● **WORK INSTRUCTIONS**:
In this exercise, print only the lines of the records below from the one with "Vintage Cartier C" through the one with "Pentagram in Circle", inclusive. Pictures are not part of the copy.

● **AVAILABLE DATA**:
━━━
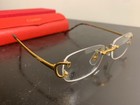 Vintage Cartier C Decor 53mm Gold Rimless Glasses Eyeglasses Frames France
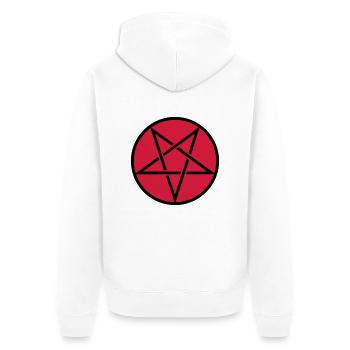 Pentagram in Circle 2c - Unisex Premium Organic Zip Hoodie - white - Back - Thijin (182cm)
━━━
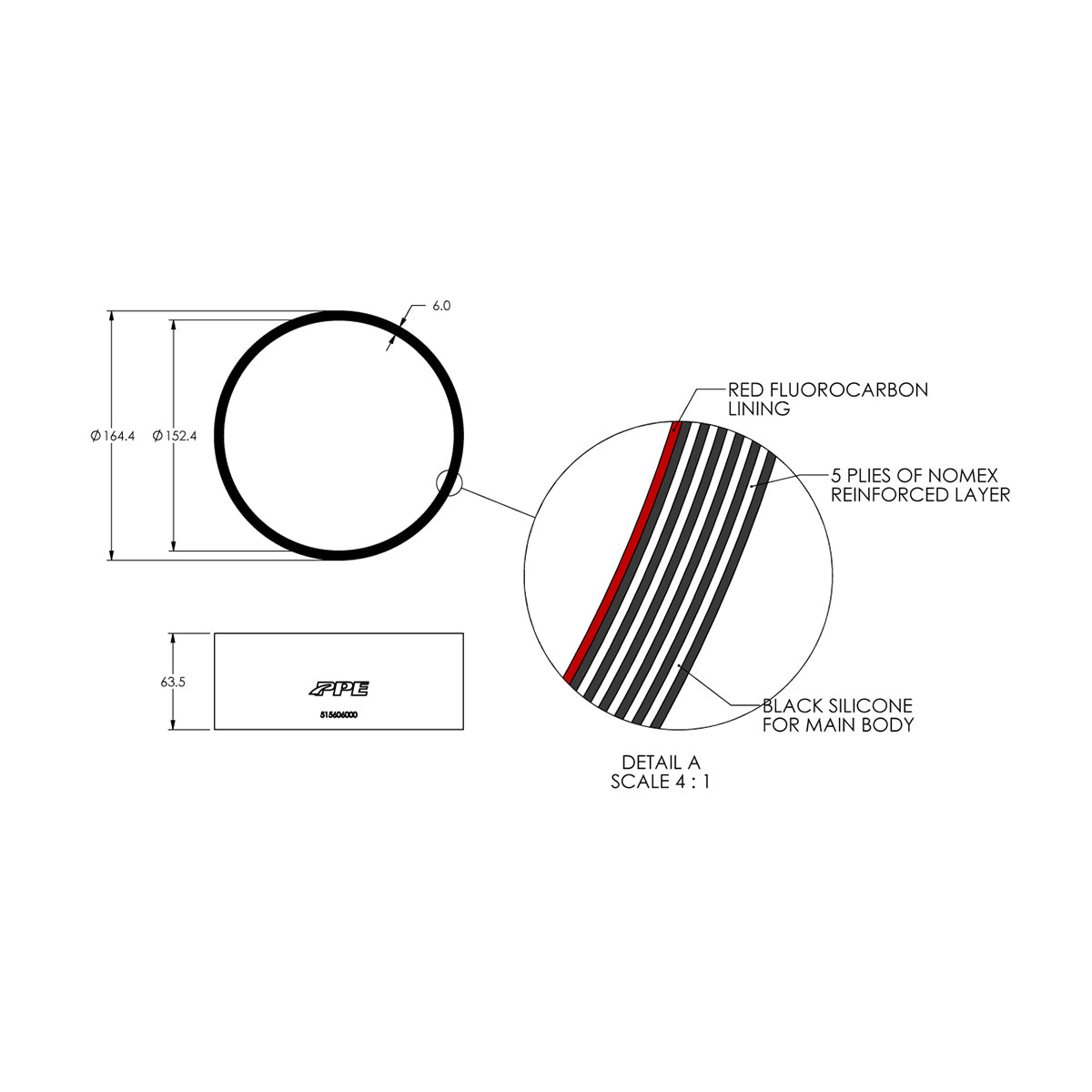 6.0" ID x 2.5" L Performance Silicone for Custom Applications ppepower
━━━
● **EXERCISE RESULT**:
 Vintage Cartier C Decor 53mm Gold Rimless Glasses Eyeglasses Frames France
 Pentagram in Circle 2c - Unisex Premium Organic Zip Hoodie - white - Back - Thijin (182cm)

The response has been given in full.